What's Preserved vs What's Lost
| Data | After Compaction | Notes |
|---|---|---|
| User messages | Preserved | Verbatim in Section 6 of summary |
| Primary request / intent | Preserved | Section 1 of summary |
| Pending tasks | Preserved | Section 7 of summary |
| Recent files (up to 5) | Restored | Re-read within 50K budget |
| Skills | Restored | Re-injected within 25K budget |
| Plan mode state | Preserved | Explicitly restored |
| Tool results / file contents | Lost | Only summarised, not preserved verbatim |
| Image content | Stripped | Removed in pre-compaction phase |
| Exact error messages | Summarised | May lose exact stack traces |
| Prompt cache | Invalidated | Must be rebuilt from scratch |
| Older files (beyond top 5) | Lost | Need to be re-read manually |
Partial Compaction
The system supports partial compaction with two directions, each with different trade-offs:
Direction: "from" (Compact from a point)
Keeps everything before the compaction point and summarises everything after. This preserves the prompt cache because the conversation prefix is unchanged.
Direction: "up_to" (Compact up to a point)
Summarises everything before the compaction point and keeps everything after. This breaks the prompt cache because the conversation prefix is replaced with a summary.
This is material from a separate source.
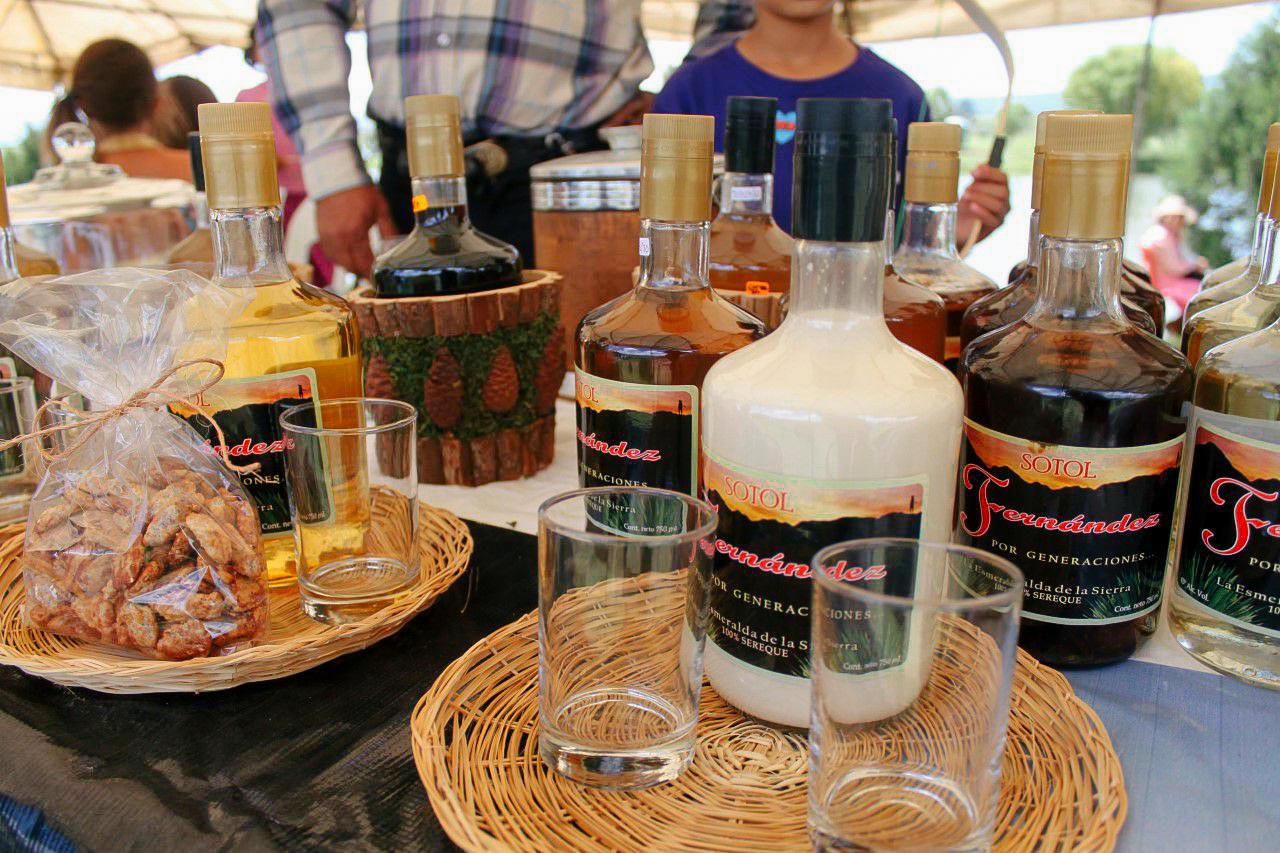 Conociendo México Sotol, el destilado del norte de México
The "from" direction is the default for auto-compaction because cache preservation reduces API costs. The "up_to" direction is better when you have just started a new task and the old context is no longer relevant -- it keeps recent work intact at the cost of rebuilding the cache.
Session Memory Compaction
As a faster alternative to full compaction, session memory compaction only compacts the session memory portion of the conversation. This is useful when memory entries are consuming disproportionate context but the actual conversation is still within limits.
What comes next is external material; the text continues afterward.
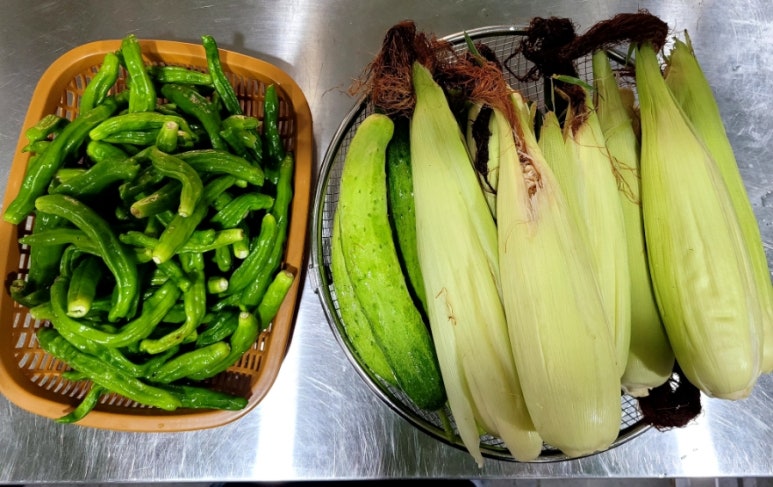 늘솜진국수&계절미식가 이미지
Session memory compaction is significantly cheaper because it processes a much smaller input (just the memory entries, not the entire conversation) and does not require post-compaction reconstruction.
Token Limits & Thresholds
| Constant | Value | Purpose |
|---|---|---|
effectiveContextWindow |
modelContext - 20K | Usable context after reserving space for output |
autoCompactThreshold |
effective - 13K | Token count that triggers auto-compaction |
| File restoration budget | 50,000 tokens | Maximum tokens for restoring recent files |
| File restoration count | 5 files | Maximum number of files restored post-compaction |
| Skill restoration budget | 25,000 tokens | Maximum tokens for re-injecting skill definitions |
| Time-based idle threshold | 60 minutes | Idle time before time-based microcompaction |
| Circuit breaker limit | 3 failures | Consecutive failures before auto-compact gives up |
| Prompt-too-long retries | 3 attempts | Maximum retries for over-length summaries |
Warning System
The context warning system provides user-facing indicators as the context window fills up:
The warning indicator appears in the Claude Code UI status bar, giving users a visual cue of how much context remains before compaction triggers.
Environment Variable Configuration
Setting CLAUDE_AUTOCOMPACT_PCT_OVERRIDE=85 is a good default for 200K context sessions -- it gives compaction enough room to produce a summary without hitting the hard limit. For 1M sessions, the default threshold (~97%) works well because there is ample headroom.